Once you have your DAR file, you can use the dar_parser.py tool to read and analyze the data.

Step 1: Parse the DAR File

Run the dar_parser.py script to parse the DAR file and extract key information.

python tools/dar_parser.py

Step 2: View the Parsed Data

The script will prompt you for the path to your DAR file and output a summary, including:

  • Number of renders captured.
  • Summary of scraping results.
  • Number of HTTP request entries.

Example Code: Using dar_parser.py

from tools.dar_parser import DARParser

# Initialize the parser with your DAR file
parser = DARParser('output.dar')

# Print a detailed summary of the DAR file
parser.print_dar_summary()

Integrating DAR in Your Scraping Workflow

DAR is especially useful when integrated into web scraping workflows, providing insights into how pages are loaded and data is collected. Here’s how you can incorporate DAR into your existing scraping setup.

Step 1: Scrape a Website

Use Selenium or your preferred tool to navigate and interact with a webpage, capturing a HAR file as you go.

from selenium import webdriver

# Set up Selenium to capture network traffic
driver = webdriver.Chrome()
driver.get('https://example.com')
# Capture the session as HAR (specific to your setup)

Step 2: Convert the HAR File to DAR

After capturing the HAR file, convert it to DAR to enhance the captured data with renders and results.

python tools/har_to_dar_converter.py session.har session.dar

Step 3: Analyze the DAR File

Use the DAR file to gain insights into your scraping process, identify any errors, and understand how the data was collected.

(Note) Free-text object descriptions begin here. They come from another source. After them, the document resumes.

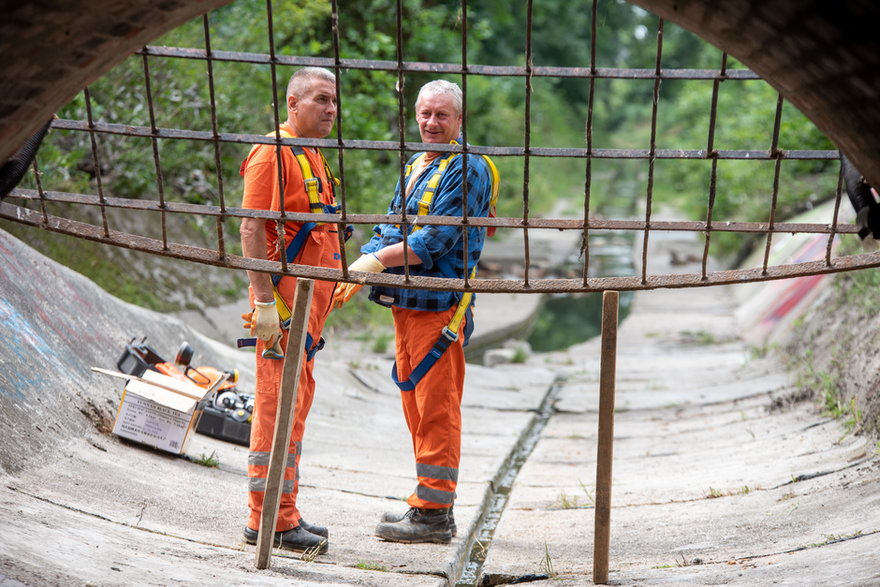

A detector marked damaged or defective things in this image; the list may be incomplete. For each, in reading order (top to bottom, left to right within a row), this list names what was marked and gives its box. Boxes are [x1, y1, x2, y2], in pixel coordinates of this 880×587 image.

rusty metal grate [3, 0, 876, 294]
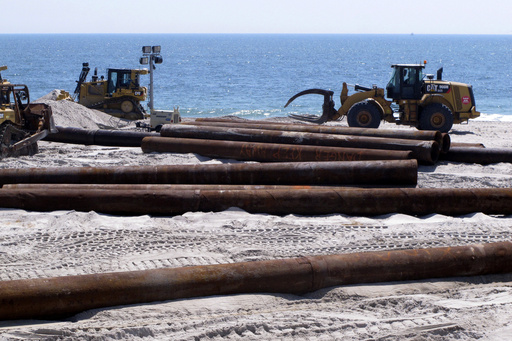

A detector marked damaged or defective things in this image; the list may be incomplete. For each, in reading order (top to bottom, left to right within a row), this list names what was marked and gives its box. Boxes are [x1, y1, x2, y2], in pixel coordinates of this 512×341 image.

rusty metal pipe [44, 125, 156, 146]
rusty metal pipe [140, 135, 412, 162]
rusty metal pipe [161, 124, 440, 164]
rusty metal pipe [188, 118, 444, 146]
rusty metal pipe [438, 145, 512, 163]
rusty metal pipe [0, 160, 416, 186]
rusty metal pipe [1, 186, 512, 215]
rusty metal pipe [1, 240, 512, 320]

# Parse and print the summary of your DAR file
parser = DARParser('session.dar')
parser.print_dar_summary()

Next Steps

Now that you’ve created, parsed, and analyzed your first DAR file, you can explore further by:

  • Experimenting with additional render states to capture more detailed data.
  • Customizing the result object to include specific metrics and error handling relevant to your workflow.
  • Integrating DAR files into automated data pipelines for monitoring and auditing purposes.

For more advanced usage, check out the Usage Examples document to explore various ways to utilize DAR in your projects.


DAR provides a powerful, flexible way to enhance your data collection processes. By extending HAR with additional render and result data, DAR helps you gain deeper insights and ensure reliable, comprehensive data capture.